Open ahankinson opened 3 months ago
Not sure why it's failing -- the tests all pass and work on my end.
It occurs to me that a big part of the reason for the speed-up is the use of the functools lru_cache, which will cache the result of the same input string and skip the computation of that value, instead returning only the cached value. While this is useful in real-world contexts, it's probably not so useful in benchmark runs!
@aweakley does this PR look OK?
I've done a bit of cleanup, but the parser_classes file is still quite buggy. Unfortunately I don't quite know how to trigger the bugs, but I'm at least confident that I didn't make it much worse.
Thank you.
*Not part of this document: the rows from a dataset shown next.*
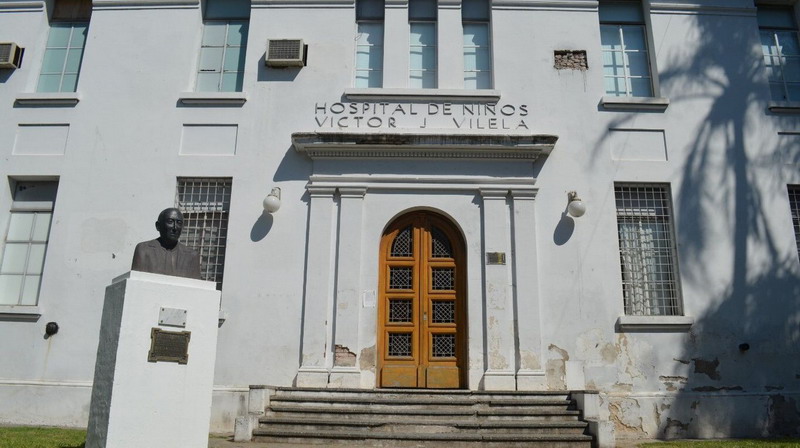 Una beba de un año recibió seis disparos en Rosario y se encuentra grave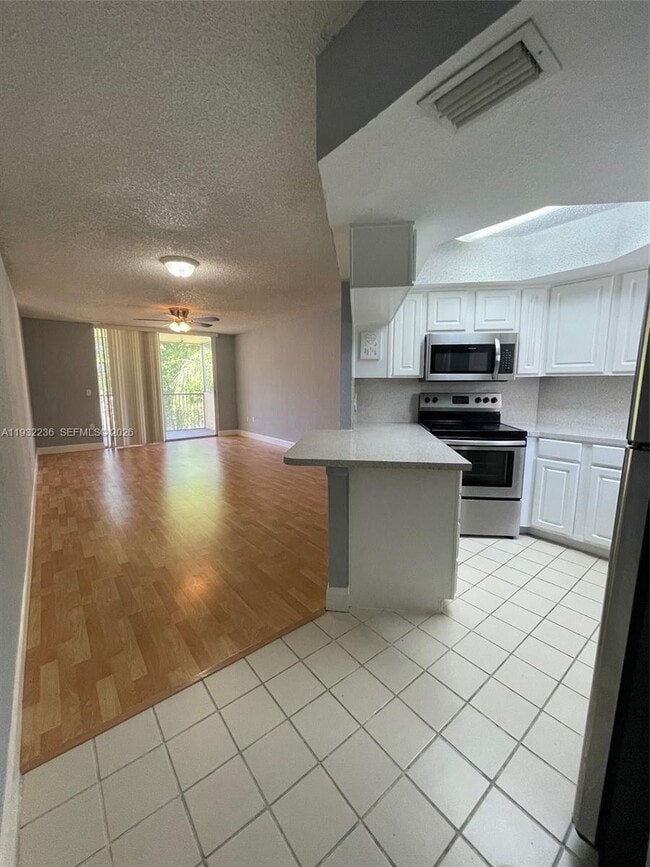 Building Photo - 8215 Lake Dr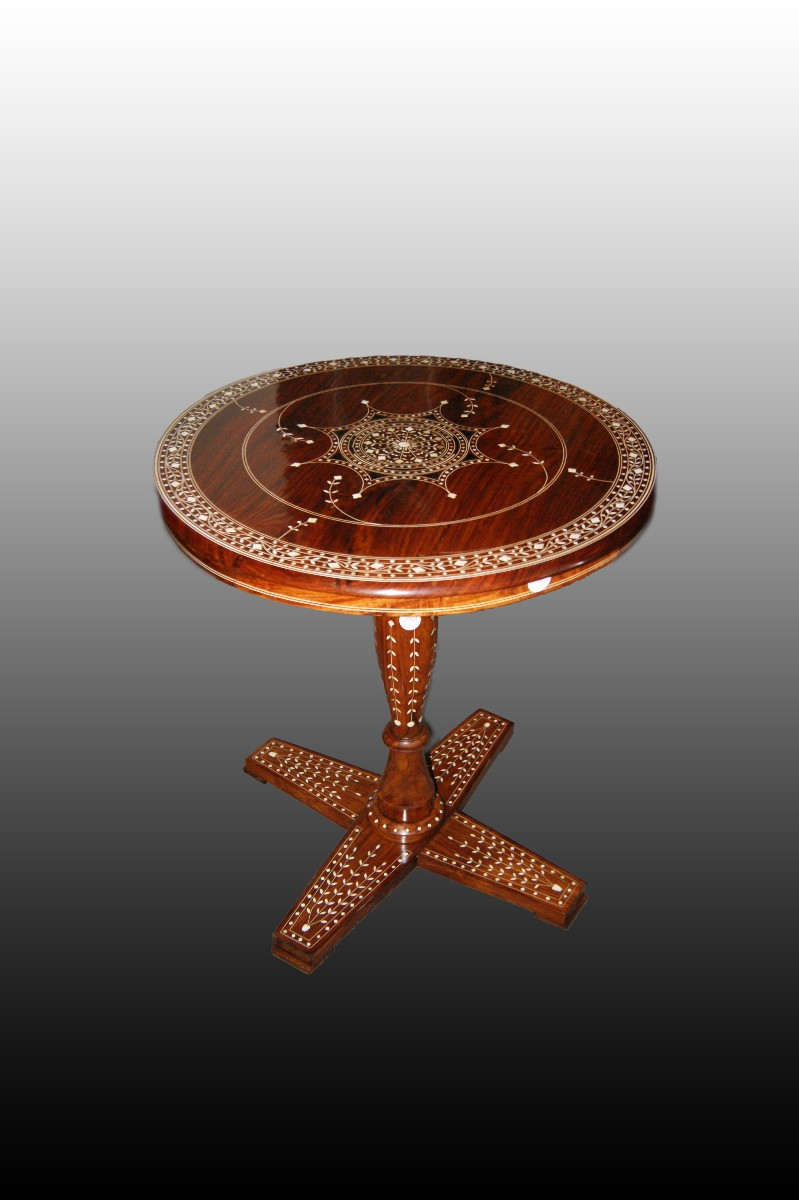Beautiful English Circular Coffee Table From The Mid-1800s, In Oriental Style, Made Of Rosewood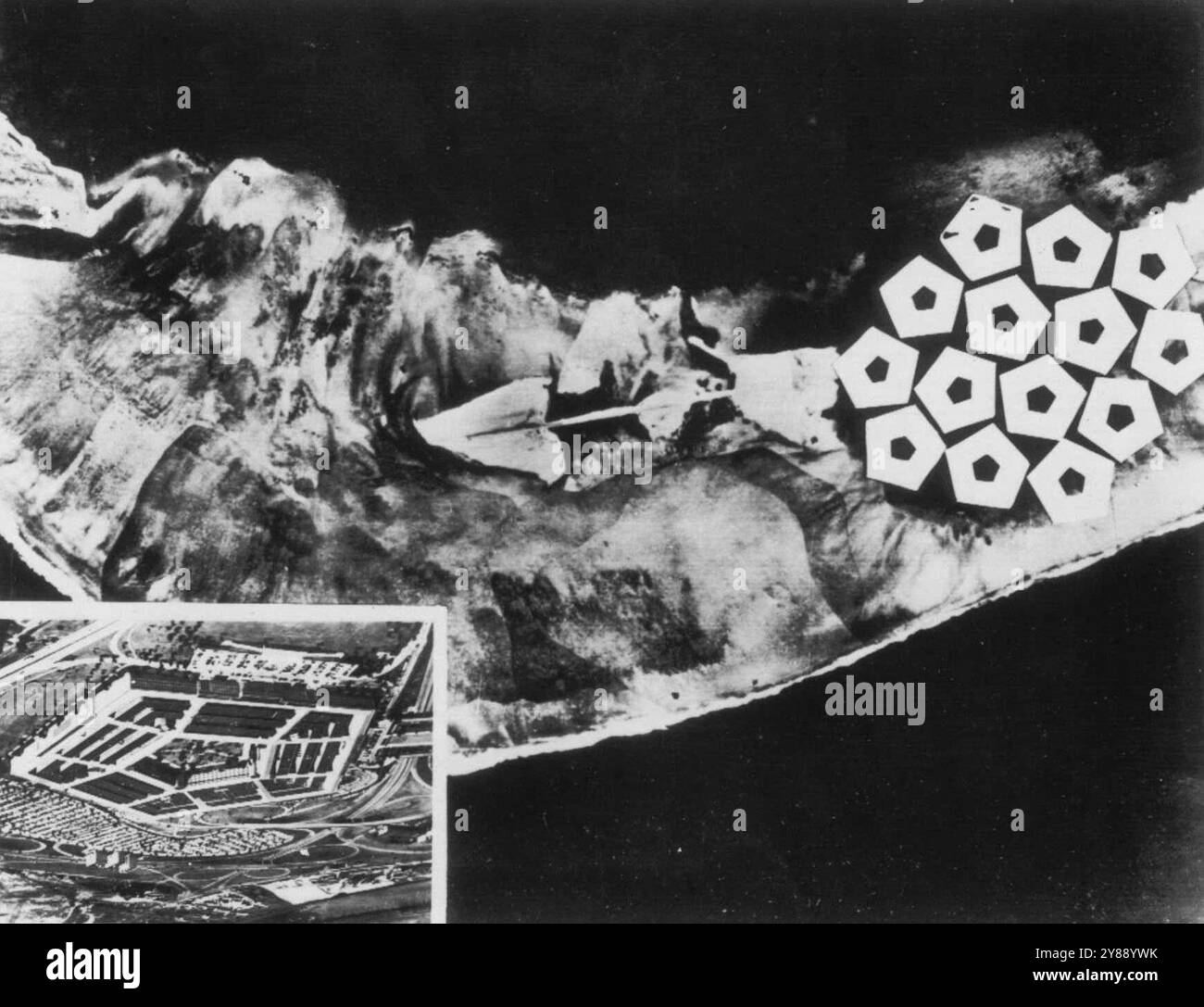 Many Pentagon Fit in Hydrogen Blast Hole – Dies ist eine Szene aus dem offiziellen Film der Wasserstoffexplosion von 1952, mit künstlerischer Behandlung und einem Einfügen des Pentagons, um zu zeigen, dass der Krater, den die Explosion hinterlassen hat, 14 Pentagone benötigt, um ihn zu füllen. Maßstabsgetreue Zeichnungen des Pentagons, das 32 Hektar groß ist, überlagern sich über einem Luftbild des von der Explosion hinterlassenen Lochs. April 1954. (Foto von AP Wirephoto). Stockfoto
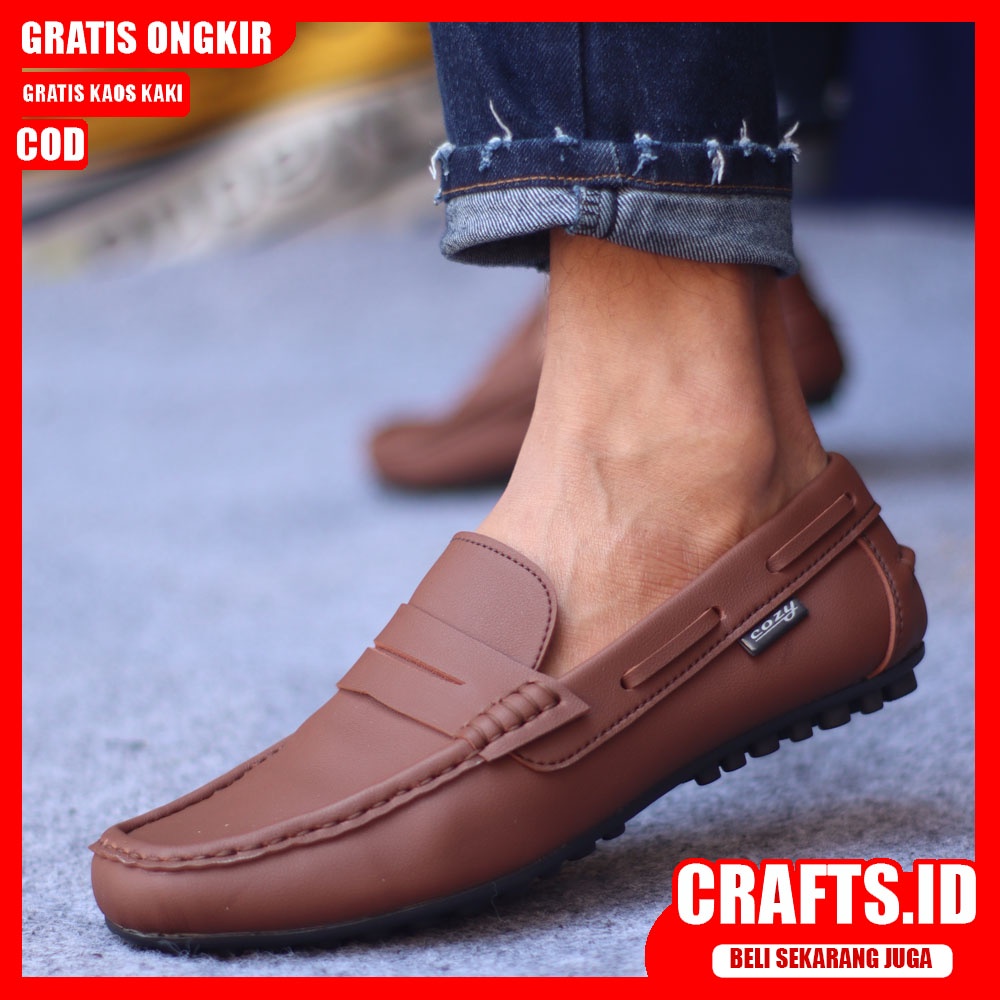 CRAFTS X VERONA Sepatu Slip On Pria Sepatu Pria Casual Kulit Syntetik Sepatu Kasual Pria Pantofel Kerja Kantor Kondangan Kuliah Semi formal Original Kekinian Terbaru Murah Kekian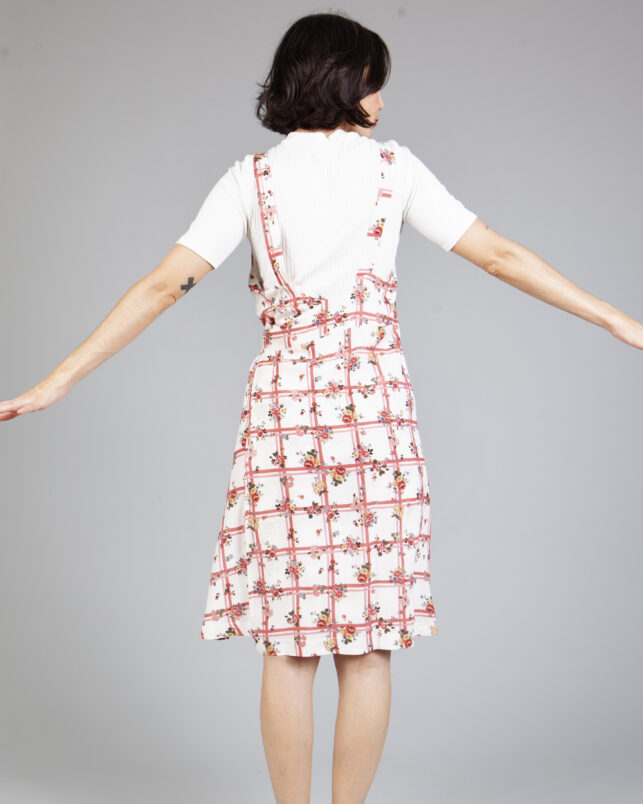 vestido delantal roses rojo - Imagen 4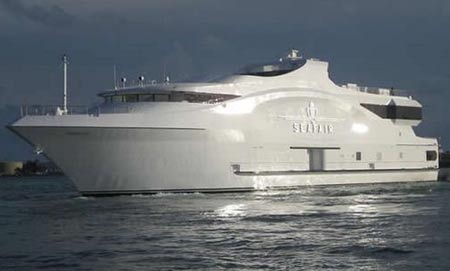 Luxe Mega Yacht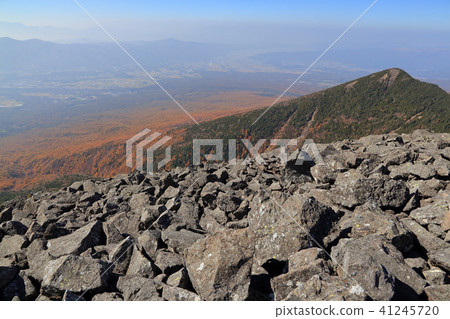 View the Nishi-dake direction on the northwestern side from Yatsugatake mountain top 41245720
I'll check it out.
@ahankinson The tests are passing for me, are there particular bugs you were worried about in your comment above?
Yeah the tests pass but I don’t think they exercise the parser classes that much. I have the ruff checker running on that and it still highlights a bunch of stuff
It's great to see that this project has some life in it now. I have been using it for a while and maintaining my own fork with some performance enhancements.
Primarily, the main enhancements have been to enable packratting (which seems to now be enabled) and pre-declaring and compiling the regexes in the natural language processor.
If the current benchmarks are to be believed, this leads to a significant speedup. All the tests pass, so I guess it's OK?
https://rism-digital.github.io/python-edtf/dev/bench/
I've gone through and tried to integrate the latest changes, but that was a big PR so another set of eyes would be helpful.